ZBasic Language Reference
57
ZBasic Microcontrollers
Chapter 3 - Advanced Topics
This chapter provides additional technical information on topics that were introduced earlier in this
document. Also, some more advanced concepts are introduced.
3.1 Scope and Lifetime
There are two important attributes of variables that have been alluded to in earlier discussion scope and
lifetime. The scope of a variable reflects its visibility in the sense of where it can be accessed by name.
A variable defined within a subroutine or function has local scope meaning that it is only directly
accessible to code within that routine. A variable defined outside of any routine has module scope if it is
declared Private and global scope if it is declared Public. Module scope means that only routines
within that module can access it directly. Global scope means that any routine in the application can
access it directly.
These three scoping levels, global, module and local, form a hierarchy that controls the visibility of the
variables. Global scope is at the outermost level of the hierarchy, module scope is at the next inner level
and local scope is at the next inner level to that. There are additional inner levels of scope created by
compound statements, which topic is discussed further below.

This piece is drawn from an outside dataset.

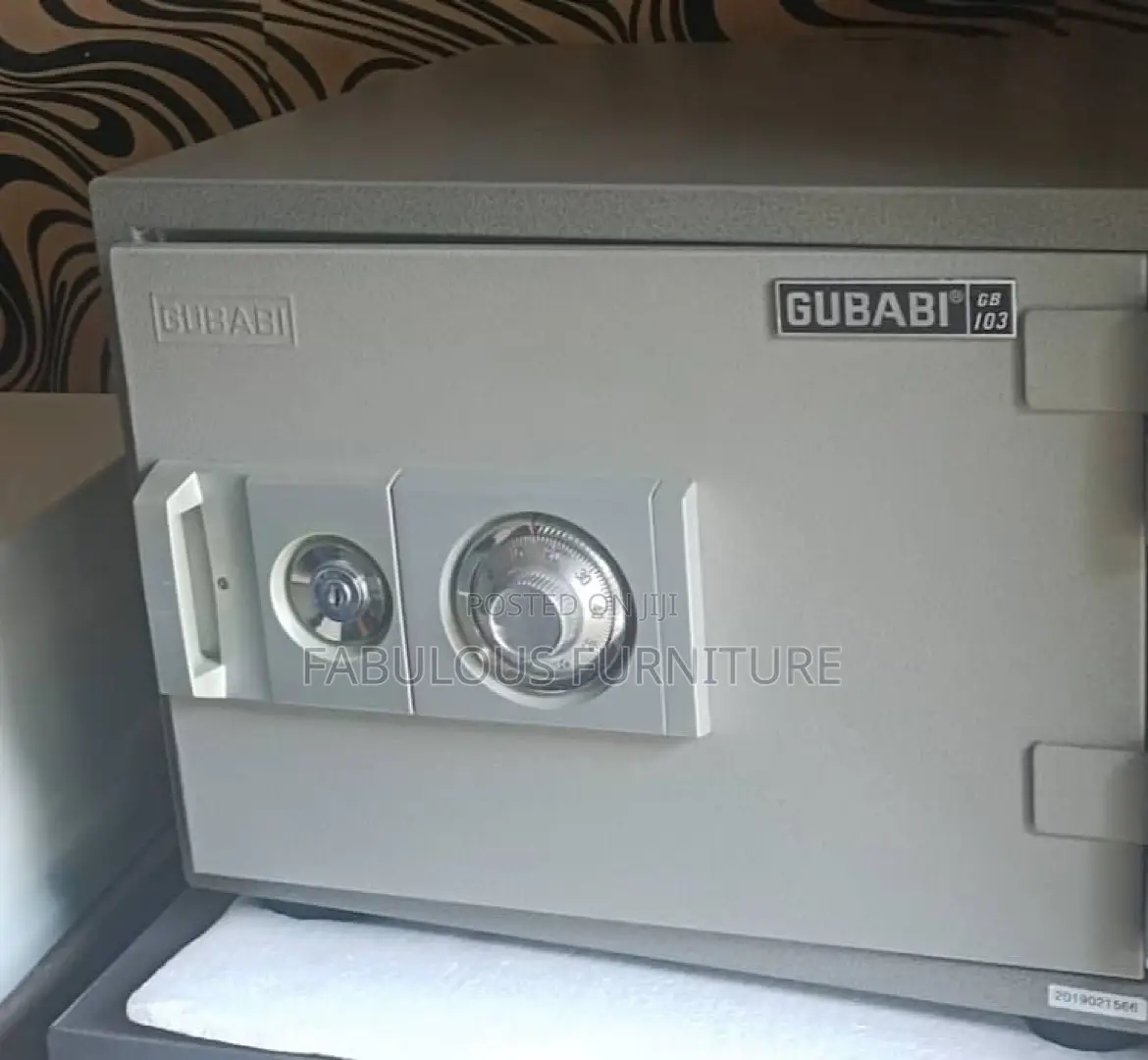 Gubabi 103 Fireproof Safe Box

At any particular level of the scoping hierarchy, variables that are in the same scope level or farther
outward are visible. It is possible to define variables with the same name at different scoping levels. This
does not cause a conflict because the compiler resolves a reference to a particular variable name by
searching the current scoping level first and then proceeding outward in the hierarchy until the variable
name is found or not as the case may be. Variables are said to hide same-named variables that exist at
outer scoping levels. In most cases, the hidden variables can still be accessed but more information has
to be added to the variable name to clarify to the compiler which variable is being referenced. This
concept may be clarified by an example.
Example
Module T1:
Public i as Integer
Module T2:
Private i as Integer
Sub foo()
Dim i as Integer
i = 5
' this refers to the locally defined variable
t2.i = 5 ' this refers to the private variable at the module level
t1.i = 5 ' this refers to the public variable in module T1
End Sub
The second and third references to the variable i in the example above are qualified by the addition of
the module name containing the definition of the desired variable. You may add module qualification to
any module level and global level variable reference if you wish but it is generally only done when
required to resolve the reference to the intended variable.
Although the preceding discussion focused on variables, the same scope concept applies to all identifiers
variables, constants, subroutines and functions. A local constant named count will hide a module level
variable of the same name. Because the inadvertent hiding of identifiers is a common cause of
programming errors the compiler, by default, issues a warning about the hiding. The warning can be
disabled if desired. See Section 10.2 for specific information on various compiler options.